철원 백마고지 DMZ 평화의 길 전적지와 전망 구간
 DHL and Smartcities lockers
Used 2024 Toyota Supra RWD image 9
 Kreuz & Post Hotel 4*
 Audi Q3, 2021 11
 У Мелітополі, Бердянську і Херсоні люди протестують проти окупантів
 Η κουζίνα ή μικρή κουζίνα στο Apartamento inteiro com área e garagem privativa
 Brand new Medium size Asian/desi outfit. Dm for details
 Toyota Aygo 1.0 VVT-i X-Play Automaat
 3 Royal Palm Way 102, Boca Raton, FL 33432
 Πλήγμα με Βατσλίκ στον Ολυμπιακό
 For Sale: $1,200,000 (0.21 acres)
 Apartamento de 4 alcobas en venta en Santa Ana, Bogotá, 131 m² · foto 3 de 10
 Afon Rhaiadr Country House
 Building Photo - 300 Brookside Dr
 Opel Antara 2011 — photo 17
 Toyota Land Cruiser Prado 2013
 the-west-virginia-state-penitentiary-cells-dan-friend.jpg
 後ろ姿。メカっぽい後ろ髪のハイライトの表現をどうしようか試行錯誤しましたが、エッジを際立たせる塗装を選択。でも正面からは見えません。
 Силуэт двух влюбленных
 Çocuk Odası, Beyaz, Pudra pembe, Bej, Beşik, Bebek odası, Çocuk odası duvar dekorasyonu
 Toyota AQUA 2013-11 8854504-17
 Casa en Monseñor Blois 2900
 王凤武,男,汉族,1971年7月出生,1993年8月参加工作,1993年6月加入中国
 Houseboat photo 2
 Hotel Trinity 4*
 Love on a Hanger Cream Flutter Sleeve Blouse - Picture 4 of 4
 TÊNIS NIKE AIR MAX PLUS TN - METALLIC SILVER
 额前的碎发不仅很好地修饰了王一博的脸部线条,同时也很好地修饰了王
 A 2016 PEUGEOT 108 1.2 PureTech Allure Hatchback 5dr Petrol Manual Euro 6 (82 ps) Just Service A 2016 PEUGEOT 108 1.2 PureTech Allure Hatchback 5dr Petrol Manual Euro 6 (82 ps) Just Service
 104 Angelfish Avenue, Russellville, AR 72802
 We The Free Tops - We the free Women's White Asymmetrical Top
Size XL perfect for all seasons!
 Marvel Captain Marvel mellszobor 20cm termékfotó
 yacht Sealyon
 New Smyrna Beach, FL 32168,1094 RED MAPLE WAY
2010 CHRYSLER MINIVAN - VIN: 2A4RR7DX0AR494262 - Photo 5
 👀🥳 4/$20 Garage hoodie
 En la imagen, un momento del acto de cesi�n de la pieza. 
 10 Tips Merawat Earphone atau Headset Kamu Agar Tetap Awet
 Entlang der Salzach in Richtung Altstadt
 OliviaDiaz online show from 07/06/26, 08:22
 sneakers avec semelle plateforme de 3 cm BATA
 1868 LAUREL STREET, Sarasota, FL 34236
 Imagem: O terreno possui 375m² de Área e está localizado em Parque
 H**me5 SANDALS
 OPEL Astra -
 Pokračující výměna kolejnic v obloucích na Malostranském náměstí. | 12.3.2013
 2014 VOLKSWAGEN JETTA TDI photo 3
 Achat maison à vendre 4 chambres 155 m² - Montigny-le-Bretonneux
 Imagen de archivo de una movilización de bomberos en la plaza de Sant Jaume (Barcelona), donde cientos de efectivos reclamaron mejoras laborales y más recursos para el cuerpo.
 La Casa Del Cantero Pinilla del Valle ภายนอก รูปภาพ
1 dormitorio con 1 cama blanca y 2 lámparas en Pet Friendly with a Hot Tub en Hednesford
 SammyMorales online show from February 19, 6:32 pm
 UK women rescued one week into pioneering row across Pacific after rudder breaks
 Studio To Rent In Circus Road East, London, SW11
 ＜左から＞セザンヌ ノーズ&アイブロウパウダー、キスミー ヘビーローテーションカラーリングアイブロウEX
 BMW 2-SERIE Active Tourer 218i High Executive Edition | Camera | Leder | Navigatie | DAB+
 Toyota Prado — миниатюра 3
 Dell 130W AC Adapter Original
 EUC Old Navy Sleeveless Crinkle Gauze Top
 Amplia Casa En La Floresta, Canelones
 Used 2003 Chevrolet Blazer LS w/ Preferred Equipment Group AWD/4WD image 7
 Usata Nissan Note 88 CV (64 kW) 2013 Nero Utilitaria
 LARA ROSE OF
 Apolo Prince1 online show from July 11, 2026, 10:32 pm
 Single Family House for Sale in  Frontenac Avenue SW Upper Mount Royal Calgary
****
Exercise brief
What's wanted here is every record, retyped exactly as shown above.

Answer for the task
철원 백마고지 DMZ 평화의 길 전적지와 전망 구간
 DHL and Smartcities lockers
Used 2024 Toyota Supra RWD image 9
 Kreuz & Post Hotel 4*
 Audi Q3, 2021 11
 У Мелітополі, Бердянську і Херсоні люди протестують проти окупантів
 Η κουζίνα ή μικρή κουζίνα στο Apartamento inteiro com área e garagem privativa
 Brand new Medium size Asian/desi outfit. Dm for details
 Toyota Aygo 1.0 VVT-i X-Play Automaat
 3 Royal Palm Way 102, Boca Raton, FL 33432
 Πλήγμα με Βατσλίκ στον Ολυμπιακό
 For Sale: $1,200,000 (0.21 acres)
 Apartamento de 4 alcobas en venta en Santa Ana, Bogotá, 131 m² · foto 3 de 10
 Afon Rhaiadr Country House
 Building Photo - 300 Brookside Dr
 Opel Antara 2011 — photo 17
 Toyota Land Cruiser Prado 2013
 the-west-virginia-state-penitentiary-cells-dan-friend.jpg
 後ろ姿。メカっぽい後ろ髪のハイライトの表現をどうしようか試行錯誤しましたが、エッジを際立たせる塗装を選択。でも正面からは見えません。
 Силуэт двух влюбленных
 Çocuk Odası, Beyaz, Pudra pembe, Bej, Beşik, Bebek odası, Çocuk odası duvar dekorasyonu
 Toyota AQUA 2013-11 8854504-17
 Casa en Monseñor Blois 2900
 王凤武,男,汉族,1971年7月出生,1993年8月参加工作,1993年6月加入中国
 Houseboat photo 2
 Hotel Trinity 4*
 Love on a Hanger Cream Flutter Sleeve Blouse - Picture 4 of 4
 TÊNIS NIKE AIR MAX PLUS TN - METALLIC SILVER
 额前的碎发不仅很好地修饰了王一博的脸部线条,同时也很好地修饰了王
 A 2016 PEUGEOT 108 1.2 PureTech Allure Hatchback 5dr Petrol Manual Euro 6 (82 ps) Just Service A 2016 PEUGEOT 108 1.2 PureTech Allure Hatchback 5dr Petrol Manual Euro 6 (82 ps) Just Service
 104 Angelfish Avenue, Russellville, AR 72802
 We The Free Tops - We the free Women's White Asymmetrical Top
Size XL perfect for all seasons!
 Marvel Captain Marvel mellszobor 20cm termékfotó
 yacht Sealyon
 New Smyrna Beach, FL 32168,1094 RED MAPLE WAY
2010 CHRYSLER MINIVAN - VIN: 2A4RR7DX0AR494262 - Photo 5
 👀🥳 4/$20 Garage hoodie
 En la imagen, un momento del acto de cesi�n de la pieza. 
 10 Tips Merawat Earphone atau Headset Kamu Agar Tetap Awet
 Entlang der Salzach in Richtung Altstadt
 OliviaDiaz online show from 07/06/26, 08:22
 sneakers avec semelle plateforme de 3 cm BATA
 1868 LAUREL STREET, Sarasota, FL 34236
 Imagem: O terreno possui 375m² de Área e está localizado em Parque
 H**me5 SANDALS
 OPEL Astra -
 Pokračující výměna kolejnic v obloucích na Malostranském náměstí. | 12.3.2013
 2014 VOLKSWAGEN JETTA TDI photo 3
 Achat maison à vendre 4 chambres 155 m² - Montigny-le-Bretonneux
 Imagen de archivo de una movilización de bomberos en la plaza de Sant Jaume (Barcelona), donde cientos de efectivos reclamaron mejoras laborales y más recursos para el cuerpo.
 La Casa Del Cantero Pinilla del Valle ภายนอก รูปภาพ
1 dormitorio con 1 cama blanca y 2 lámparas en Pet Friendly with a Hot Tub en Hednesford
 SammyMorales online show from February 19, 6:32 pm
 UK women rescued one week into pioneering row across Pacific after rudder breaks
 Studio To Rent In Circus Road East, London, SW11
 ＜左から＞セザンヌ ノーズ&アイブロウパウダー、キスミー ヘビーローテーションカラーリングアイブロウEX
 BMW 2-SERIE Active Tourer 218i High Executive Edition | Camera | Leder | Navigatie | DAB+
 Toyota Prado — миниатюра 3
 Dell 130W AC Adapter Original
 EUC Old Navy Sleeveless Crinkle Gauze Top
 Amplia Casa En La Floresta, Canelones
 Used 2003 Chevrolet Blazer LS w/ Preferred Equipment Group AWD/4WD image 7
 Usata Nissan Note 88 CV (64 kW) 2013 Nero Utilitaria
 LARA ROSE OF
 Apolo Prince1 online show from July 11, 2026, 10:32 pm
 Single Family House for Sale in  Frontenac Avenue SW Upper Mount Royal Calgary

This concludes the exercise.